SACRAMENTO, Calif. (KTXL) — Wednesday’s air quality index in the Greater Sacramento region hit unhealthy to very unhealthy levels in some areas, causing people to stay indoors or mask up for a different reason.
What would otherwise be a sunny day near the Tower Bridge in downtown Sacramento was a hot, hazy and smoky day.
Much of the poor air quality stemmed from the Dixie Fire that continues to burn 100 miles away and has scorched over 200,000 acres so far.
Smoke from the fire began to blow in due to northerly winds in the morning. Pollutants then get trapped in the air, creating what looked like a thick layer of fog over the region.

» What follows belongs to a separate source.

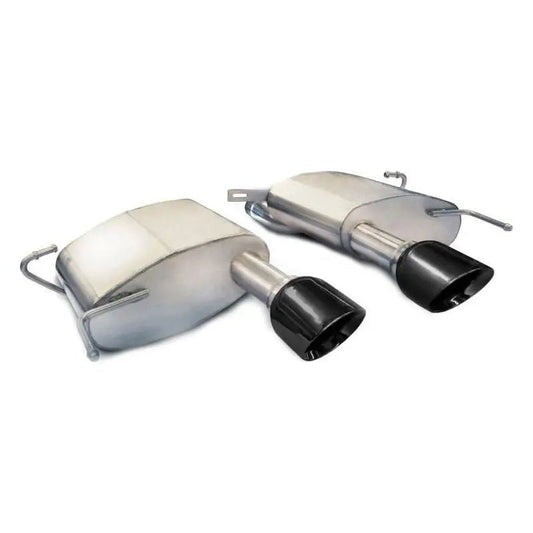 Corsa 11-13 Cadillac CTS Coupe V 6.2L V8 Black Sport Axle-Back Exhaust - Get it from Bo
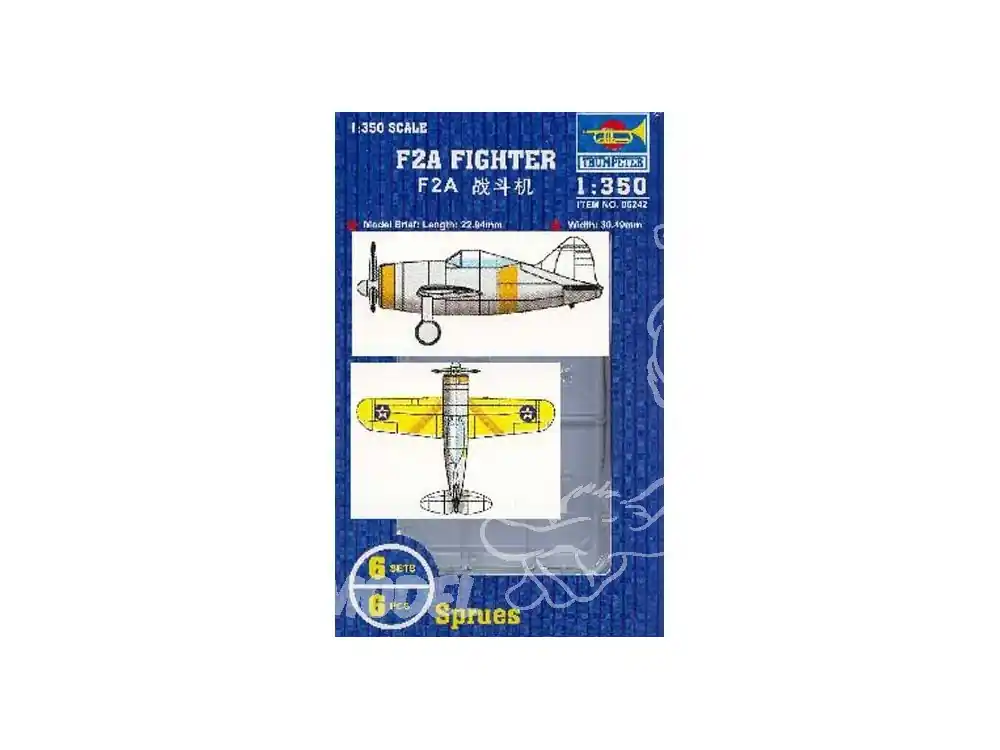 Trumpeter maquette avion 06242 SET DE 6 AVIONS BREWSTER F2A BUFFALO 1/350 Meilleur Prix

Professor Michael Kleeman, who studies air quality at the University of California, Davis, said while great efforts have been made to reduce the number of pollutants that are emitted in our cities, wildfires will continue to exacerbate our poor air quality days.
“Wildfires now are getting worse and worse, so they’re more and more a part of what we worry for air quality, and I think that’s only going to get worse moving forward,” Kleeman told FOX40.
A live map on the Air Now website shows the wind movement and the levels of air quality. In the downtown Sacramento region, red and purple suggest unhealthy to very unhealthy breathing conditions. In the Arden-Arcade area, levels were surpassing 200 and reaching 300 on the air quality index.
Kleeman said the best way to avoid poor air is simple: stay inside.
“If it’s above 100, then I would definitely curtail my outdoor activities,” he said. “I wouldn’t go for a run on a day where the AQI is above 100 and I wouldn’t send my kids out to play soccer.”
Meanwhile, Jamie Arno with the Sacramento Metropolitan Air Quality Management District said, thankfully, this won’t last forever.
“We have a Delta breeze coming,” Arno explained. “That Delta breeze is going to come later this afternoon, that’s going to push a lot of the majority of the smoke out of the area. We may see some lingering smoke effects tomorrow, but it’s definitely going to be cleaning out over the next few days.”
Arno suggests those who want to keep track of the air quality should download the Sacramento Region Air Quality Map, which has forecasts and real-time AQI updates.
On top of the smoke, the Sacramento region is expected to hit forecasted highs in the triple digits over the next few days.